ちなみに「礼装」と「正装」は同じものと混同されがちですが、「礼装」の方がより儀式を重んじたものです。また「晴れ着」は「正装」ではなく、同じ「せいそう」という読み方ですが「盛装」になりますから、特に儀礼や形式にとらわれず、着飾る必要のあるパーティーなどの場に着用されます。成人式でよく見られる<色振袖(いろふりそで)>は、「正装」としても着られますが、その華やかさから「晴れ着」の要素が強い着物です。

おしゃれ上級者は、成人式など式典以外でも着物を着る機会を増やしてみると、人々の注目を集めやすいでしょう。着物初心者はまず、浴衣などふだん着の簡単なものから挑戦してみるとよいと思います。
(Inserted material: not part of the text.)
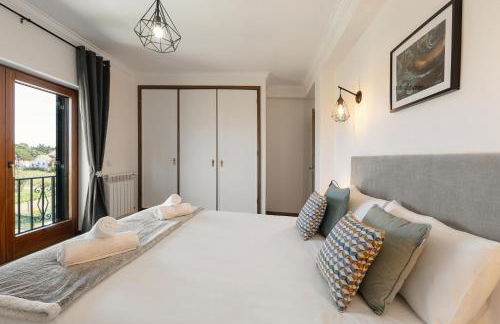 Serenidade do Mar - Foto 7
まず礼装としては、男子は黒羽二重(はぶたえ)五つ紋付の着物、女子は黒留袖、黒振袖の五つ紋付、または略礼装には訪問着などが、さらに夏季用としては絽縮緬(ろちりめん)、絽羽二重などの着物があげられる。正装としては、男子は礼装の場合と同じ、または無地のお召、紬(つむぎ)など。女子は<色振袖><色留袖><訪問着>などで、紋付か紋なし、夏季用としては、<絽(ろ)><紗(しゃ)>などがある。喪(も)服は黒羽二重あるいは縮緬(ちりめん)の五つ紋、三つ紋あるいは一つ紋付、外出着としては小紋、お召などのほかにやや趣味的なものとして、<紬(つむぎ)>や<上布(夏季用)>なども用いられる。

ふだん着には銘仙(めいせん)、ウール、縞、絣などが多く用いられ、男子のものとしては、<丹前(たんぜん)>がある。また夏季の代表的なふだん着としては男女とも用いる<浴衣(ゆかた)>がある。

着物を手に入れて、いざ着ようとしても、どうやって着たらわからないという人も多いのではないでしょうか。着つけも慣れないと難しいのが着物のハードルの高さ。身体の曲線に合わせて立体的に作られる洋服と違い、着物は直線に裁断された平面的な布の集合体。美しく着用するには、着用する技術も必要とされます。洋服が到来して以来、日本人の着物離れが加速したのも納得がいきますね。

和服は直線に裁断された平面的な布の集まりで、構造は開放的で、その形は曲線的な人体にそわせるようにはつくられておらず、からだに着せることにより、すなわち、着つけの技術のたくみさによって美しい姿をつくりだすものである。したがって洋服はからだに布をそわせるために布の不要な部分は裁断のさい削りとられるが、そうした不要な布も和服においては残されており、着つけの技術によって処理されている。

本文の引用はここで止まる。